What to do:
Without adding anything, give again the lines from the one holding "Women's Holiday Santa" through the final line of the records, exactly, with both ends included and pictures dropped.

Dataset entries:

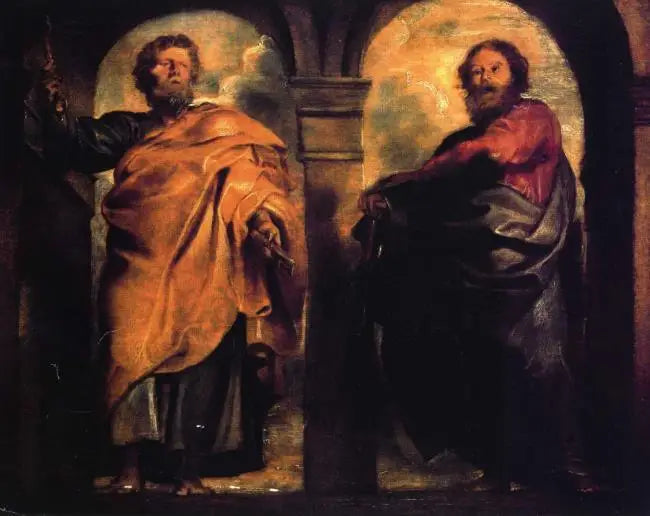 Saint Pierre et Saint Paul - Peter Paul Rubens - Alpha Reproduction
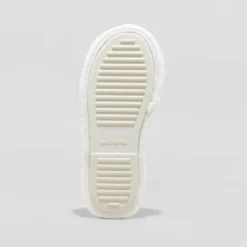 Women's Holiday Santa Happy Face Scuff Slippers - Wondershop™ Cream -Wonder Deals Store GUEST a3b8cde8 b0c7 467c b366 30d3d2299aed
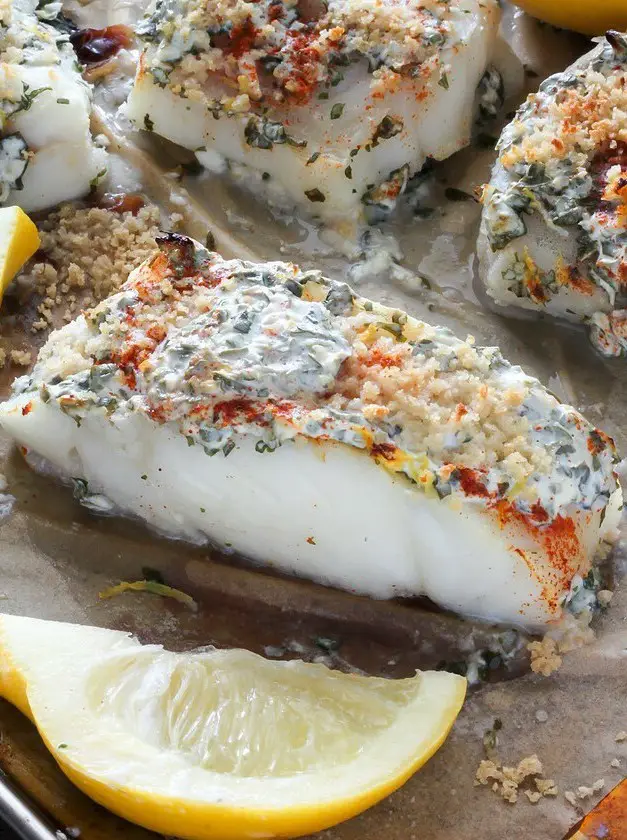 Lemon, Garlic, and Herb Baked Cod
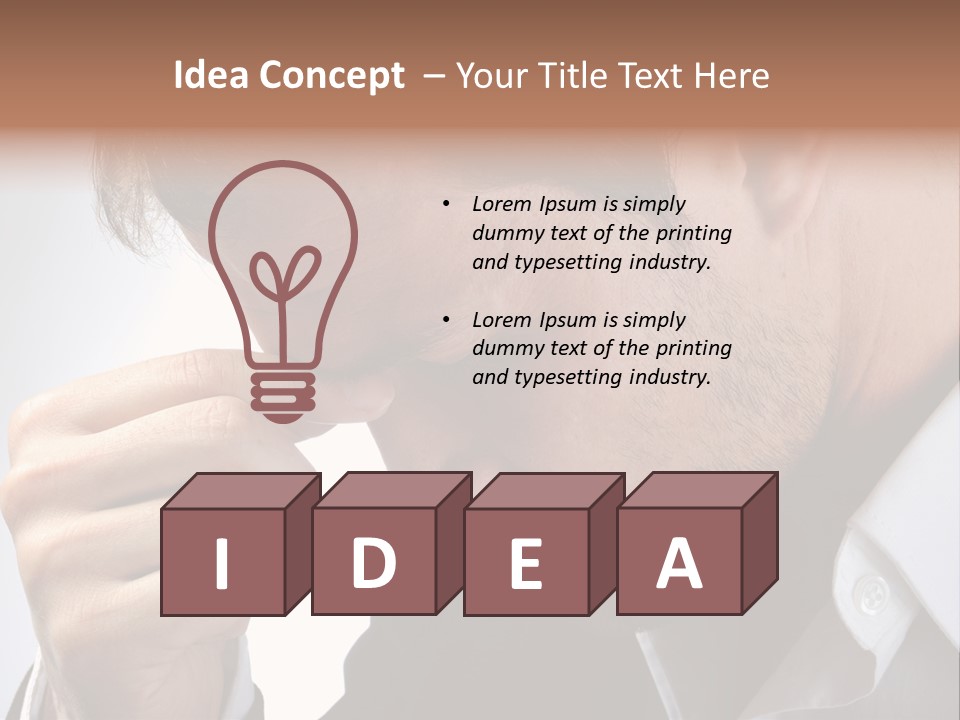 A Man Holding His Hand To His Face PowerPoint Template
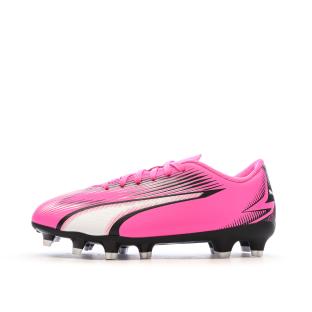 Chaussures de football Rose Garçon/Fille Puma Ultra Play 01 pas cher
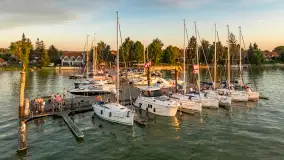 Zachód słońca nad jeziorem Bocznym, Marina Lester Club, lipiec 2024 r. - zdjęcie 3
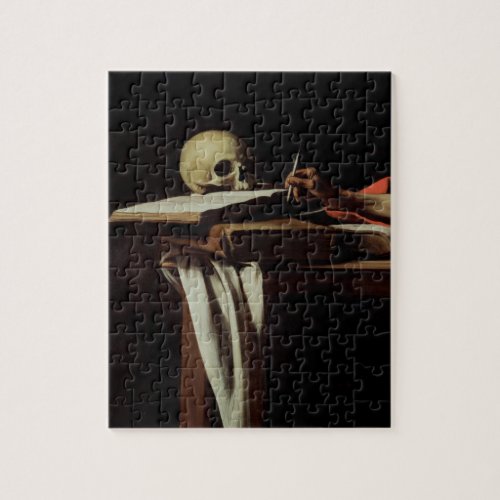 St Jerome Writing c1604 detail of 64911 Jigsaw Puzzle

Result for this exercise:
 Women's Holiday Santa Happy Face Scuff Slippers - Wondershop™ Cream -Wonder Deals Store GUEST a3b8cde8 b0c7 467c b366 30d3d2299aed
 Lemon, Garlic, and Herb Baked Cod
 A Man Holding His Hand To His Face PowerPoint Template
 Chaussures de football Rose Garçon/Fille Puma Ultra Play 01 pas cher
 Zachód słońca nad jeziorem Bocznym, Marina Lester Club, lipiec 2024 r. - zdjęcie 3
 St Jerome Writing c1604 detail of 64911 Jigsaw Puzzle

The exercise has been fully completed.